Liebe Kollegen,
ich bin gerade mit meinem didaktischen Latein ziemlich am Ende ... kurz zur Situation: Ich unterrichte nebenbei (4 Std. pro Woche) ehrenamtlich an einer Art Abendgymnasium, wobei die (erwachsenen und körperlich und/oder psychisch gehandicapten) Schüler zu Hause am Rechner sitzen. Das ist grundsätzlich eine tolle Sache, schon weil die Lerngruppe nur sechs Schüler umfasst und weil man in Jogginghose und Schlappen unterrichten kann, aber leider stellt sich (neben vielen anderen) das Problem, dass die SuS einen äußerst unterschiedlichen Leistungsstand mitbringen. Bildlich gesprochen: Wollte ich sie alle da abholen, wo sie stehen, müsste ich vom Flughafen über den Provinzbahnhof bis hin zur ländlichen Bushaltestelle, wo morgens die Milchkannen stehen, alles ansteuern.

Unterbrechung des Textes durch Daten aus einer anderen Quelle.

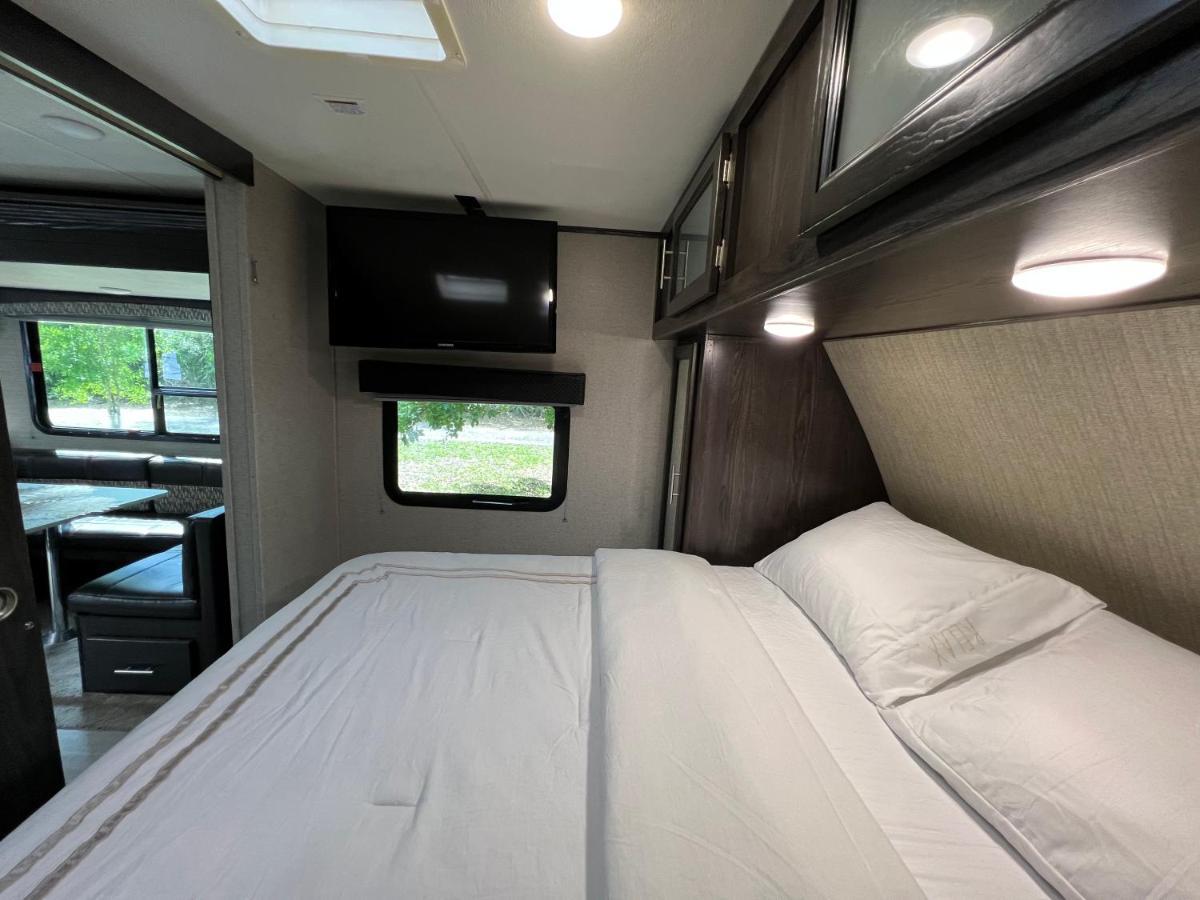 Lake Front Rv Experience Close To Port Canaveral And Kennedy Space Center Hotel Titusville Luaran gambar
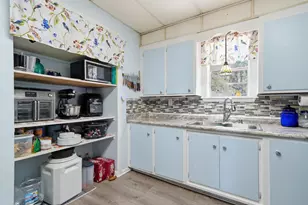 218 NE Troy St, Fort Walton Beach, FL 32548 - Photo 9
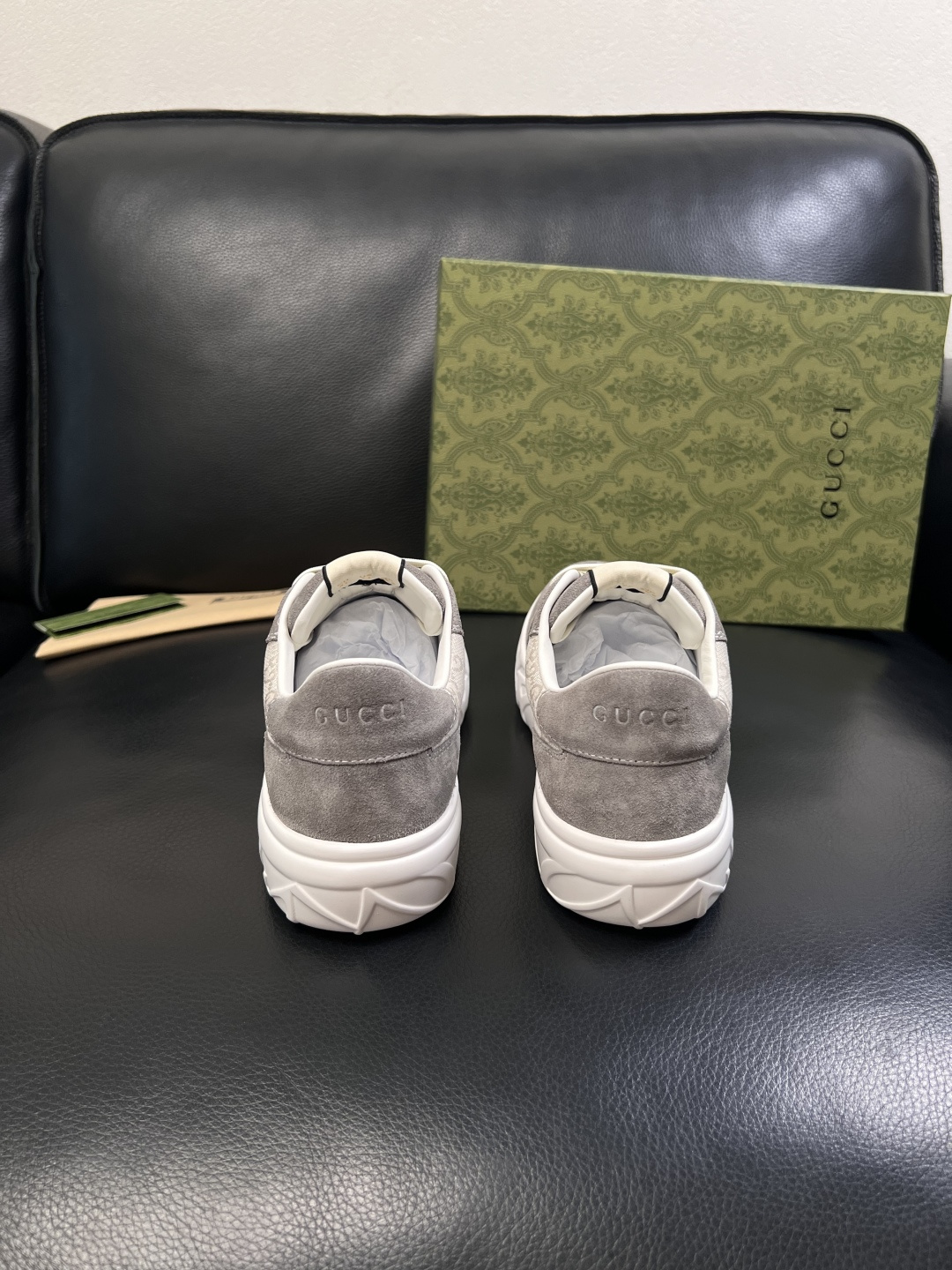 Gucci 高品质  顶级工艺品  古奇  专柜新款原厂配置，意大利进口牛皮面料，进口牛皮内里垫，透气舒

Im Einzelnen: Zwei Schülerinnen sind so gut, dass ich sie ohne Bedenken nächste Woche Abitur schreiben ließe. Zwei sind so lala, das heißt sie verstehen die Texte, können auch (auf Nachfrage) dazu etwas beitragen und können sich einigermaßen verständlich ausdrücken. Hauptproblem sind die zwei verbleibenden Schüler, die selbst mit einfachsten Texten große Schwierigkeiten haben. Standardkommentar des einen: "Ich hab jetzt ehrlich gesagt fast nichts verstanden..." - Derzeit arbeiten wir mit "Green Line Oberstufe Klasse 11/12" und sind da noch ziemlich am Anfang; die Texte sind schon Originaltexte, aber IMHO nicht allzu schwierig (Nebencrux: Die "Schwierigkeit" von Texten einzuschätzen, fiel mir immer schon relativ schwer). Ich will es jetzt mal als ultima ratio mit Texten aus "Read On" (noch einfacher gehts wohl kaum!) probieren und neige zu der Ansicht, dass - sollte dieses "easy English" immer noch zu schwer sein - es für den betreffenden Schüler kaum noch möglich sein wird, seine Defizite im Fach Englisch bis zum Abitur 2016 halbwegs auszugleichen. Die gängigen Techniken zur Texterschließung haben wir natürlich durch, die Schüler besitzen natürlich "Words in Context" und entlasten damit den Wortschatz für jedes neue Thema hätten so die Möglichkeit, bei jedem neuen Thema den WS vorzuentlasten. Jegliches außerunterrichtliche Engagement leidet natürlich unter der Tatsache, dass der Unterricht von abends um sechs bis halb zehn stattfindet und die Schüler tagsüber mit anderen Dingen beschäftigt sind.
Gibt es zündende Ideen, wie ich das Ruder vielleicht doch noch herumreißen kann? Ich billige natürlich jedem Schüler zu, nicht in jedem Fach gut zu sein. Insofern bin ich auch durchaus bereit dazu, zu sagen "Was solls, ist er halt in Mathe besser." Aber versuchen möchte ich es dann doch. Danke fürs Lesen.